To say that 5G cellular technology providers have their work cut out for them is an understatement. Tech enthusiasts and bloggers are expecting so much from this upgrade that in the event that it fails to deliver, it would prove to be a major source of disappointment for all.
Let us start from the very basics, shall we? 5G or 5th generation technology is the fifth upgrade in cellular technology. The 2nd gave us text messages, the 3rdgave us internet browsing, and the 4thgave us a faster network that can stream video content without lag. 5G will provide us an upgraded version of the 4th, and then some.
In retrospect, many companies that claim to provide a 4G network are actually talking about LTE (Long-Term Evolution) because they do not have the network capability to accommodate an actual 4G connection.
While LTE is a much-debated topic and deserves an article all of its own, the expectations surrounding 5G revolves around LTE as well.
So what are those expectations?
The first expectation is that 5G will finally enable us to utilize the full extent of the Internet of Things (IoT). Add to that are the marketing promises made by Verizon who, in late March of 2019, decided to roll out their version of 5G with the promise of being 10 times faster than the regular LTE connection.
But perhaps the biggest promise made by many people and companies is that 5G will eventually replace fiber cable. Yes, the world is going wireless. Gone will be the days when people could actually differentiate between a Fiber and a Coax cable.

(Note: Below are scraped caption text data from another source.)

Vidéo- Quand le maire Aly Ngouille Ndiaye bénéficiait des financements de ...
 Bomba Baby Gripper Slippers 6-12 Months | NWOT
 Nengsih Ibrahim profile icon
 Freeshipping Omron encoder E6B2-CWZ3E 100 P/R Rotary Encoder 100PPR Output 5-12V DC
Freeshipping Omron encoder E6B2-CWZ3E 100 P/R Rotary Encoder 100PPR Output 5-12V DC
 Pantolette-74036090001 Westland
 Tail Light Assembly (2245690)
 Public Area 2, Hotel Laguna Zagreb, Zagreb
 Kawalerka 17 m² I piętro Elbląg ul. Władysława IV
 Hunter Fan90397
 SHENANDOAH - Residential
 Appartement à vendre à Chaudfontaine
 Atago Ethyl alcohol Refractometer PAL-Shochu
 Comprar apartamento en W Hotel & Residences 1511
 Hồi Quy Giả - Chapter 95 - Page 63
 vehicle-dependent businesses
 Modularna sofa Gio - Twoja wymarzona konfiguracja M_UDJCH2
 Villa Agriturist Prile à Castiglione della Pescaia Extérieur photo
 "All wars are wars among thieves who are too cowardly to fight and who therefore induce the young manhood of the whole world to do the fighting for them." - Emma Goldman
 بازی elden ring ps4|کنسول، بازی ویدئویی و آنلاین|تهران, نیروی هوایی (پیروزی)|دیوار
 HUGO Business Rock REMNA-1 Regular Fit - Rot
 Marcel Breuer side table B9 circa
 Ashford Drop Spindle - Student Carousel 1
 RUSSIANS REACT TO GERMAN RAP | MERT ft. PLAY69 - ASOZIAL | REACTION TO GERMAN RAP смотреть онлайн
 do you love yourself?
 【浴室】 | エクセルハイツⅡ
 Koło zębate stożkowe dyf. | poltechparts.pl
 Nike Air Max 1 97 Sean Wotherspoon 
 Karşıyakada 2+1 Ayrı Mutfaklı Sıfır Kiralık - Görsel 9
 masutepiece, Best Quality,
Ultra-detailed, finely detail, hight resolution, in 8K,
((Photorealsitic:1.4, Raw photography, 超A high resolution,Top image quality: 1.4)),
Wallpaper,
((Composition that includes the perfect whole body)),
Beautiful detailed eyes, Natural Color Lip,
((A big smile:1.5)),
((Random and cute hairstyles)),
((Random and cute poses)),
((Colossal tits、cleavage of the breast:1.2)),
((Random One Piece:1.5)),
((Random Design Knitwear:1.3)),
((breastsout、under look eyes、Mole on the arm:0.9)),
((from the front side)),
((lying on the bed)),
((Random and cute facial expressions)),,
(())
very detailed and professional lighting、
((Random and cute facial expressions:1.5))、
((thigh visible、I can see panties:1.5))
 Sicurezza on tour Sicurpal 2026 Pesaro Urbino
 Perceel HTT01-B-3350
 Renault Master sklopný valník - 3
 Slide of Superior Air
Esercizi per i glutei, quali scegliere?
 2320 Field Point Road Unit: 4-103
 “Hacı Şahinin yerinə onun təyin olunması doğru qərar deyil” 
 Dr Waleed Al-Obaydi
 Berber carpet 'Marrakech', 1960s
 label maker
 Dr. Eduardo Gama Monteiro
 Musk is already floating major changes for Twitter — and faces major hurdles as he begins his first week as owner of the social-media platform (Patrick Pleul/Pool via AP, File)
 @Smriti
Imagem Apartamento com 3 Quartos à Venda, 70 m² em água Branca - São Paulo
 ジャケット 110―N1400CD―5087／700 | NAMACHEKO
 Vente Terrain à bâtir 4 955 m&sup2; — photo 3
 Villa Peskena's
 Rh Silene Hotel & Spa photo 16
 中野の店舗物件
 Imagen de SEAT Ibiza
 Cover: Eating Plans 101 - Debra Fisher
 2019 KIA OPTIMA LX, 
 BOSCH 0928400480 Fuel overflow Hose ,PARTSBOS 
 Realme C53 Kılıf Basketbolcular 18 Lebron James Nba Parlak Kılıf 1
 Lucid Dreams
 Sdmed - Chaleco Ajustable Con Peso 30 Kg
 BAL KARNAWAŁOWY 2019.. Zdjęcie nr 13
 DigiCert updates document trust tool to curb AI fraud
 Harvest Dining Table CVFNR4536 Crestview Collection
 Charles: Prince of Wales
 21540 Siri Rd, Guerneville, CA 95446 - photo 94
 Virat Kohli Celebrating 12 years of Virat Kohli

As much as you would like to celebrate this event, you have to understand that 5G is not going to be replacing fiber cables. Why do we think that? There are many factors at play, which we will be discussing soon. However, we must first provide you a clear understanding of why we think that.
5G and IoT applications. Will it work?
With 4G, IoT was not compatible because of the network strength required. As a result, IoT users had to switch to Wi-Fi or broadband, which is usually connected to a fiber connection, or sometimes an Ethernet cable.
The train of thought with 5G is that it would provide such a powerful connection that there would be no need to install a cable in your home.
While that is a possibility and yes, the benefits of having an on-the-go network with you might outweigh the use of cables, which are restricted to a particular locality as you cannot call 5G a direct replacement. It can work well as a complement to it, but you cannot lay your entire chips on 5G.
Don’t take our word for it; take Cloud Street’s, who predicts that while the replacement might be beneficial, it would not mean the end for Fiber cable.
With that out of the way, it is time to look at some other factors that are at play with the whole “5G will replace Fiber” debate.
Broadband Wi-Fi is a lot more secure
When it comes to using torrent software or simply peer-to-peer sharing, broadband connections provide an extensive level of security, which frankly cellular networks fall short of. For businesses, having a secure LAN is important, which again, cannot be provided by cellular networks.
Compatibility issues with other devices
All of us use Wi-Fi powered devices like PCs and smartphones in our daily lives. In the event that 5G does take over, it will mean that the many “Wi-Fi first” settings in cellular phones might be rendered obsolete and we all know how big of a deal that would be.
It would mean that if you are not using a phone that gives preference to cellular data (a new phone presumably), then you would have to work with Wi-Fi, which would be a huge problem in the fast-paced world of 5G networks.
In our daily lives, Wi-Fi is so commonplace that any other alternative would prove problematic. You use it in your offices, at home, in restaurants, and hotels. While traveling, you can even purchase Wi-Fi time.
With cellular networks, the usage revolves around post-paid or pre-paid subscription models. The options might improve with 5G, but at the moment, Wi-Fi is still the better alternative.
The coverage area for Wi-Fi is better
Wi-Fi provides a higher level of flexibility in network coverage than your average cellular connection. In offices and buildings, the availability of Wi-Fi is usually throughout, even counting the ground levels. Cellular connections, on the other hand, do not provide that level of coverage unless the building installs a signal distributor.
A timely investment
Having a signal distributor is beneficial for providing universal network coverage, but the time it takes to install such a service is long.
It is worth noting that by the time 5G is fully functional, the signal distributors will be rendered obsolete by adoption rates. Lastly, there is also the issue with 5G not being functional enough to remove the barriers of interference and channel noise.
If you have reached the end of this article, we would like to make it clear that this article was not intended to bash 5G technology or its fans in any way. We simply just wrote about the facts as they stand.
To be honest, 5G is not all that bad. In providing network connectivity to rural settings, cellular networks have a better chance than fiber. Network companies do not have to invest a lot of money in setting up cable connections if 5G extends its reach in those areas first.
Now, 5G was introduced during the Winter Olympics in Seoul, and in 2019, we have already seen many cities adopt the technology. While being a popular piece of technology, it is also very expensive. Many have predicted that 2020 would be the year that 5G will actually blow up. However, even at that time, only a few will be able to afford it. Until then, it is best to keep your fiber cable intact.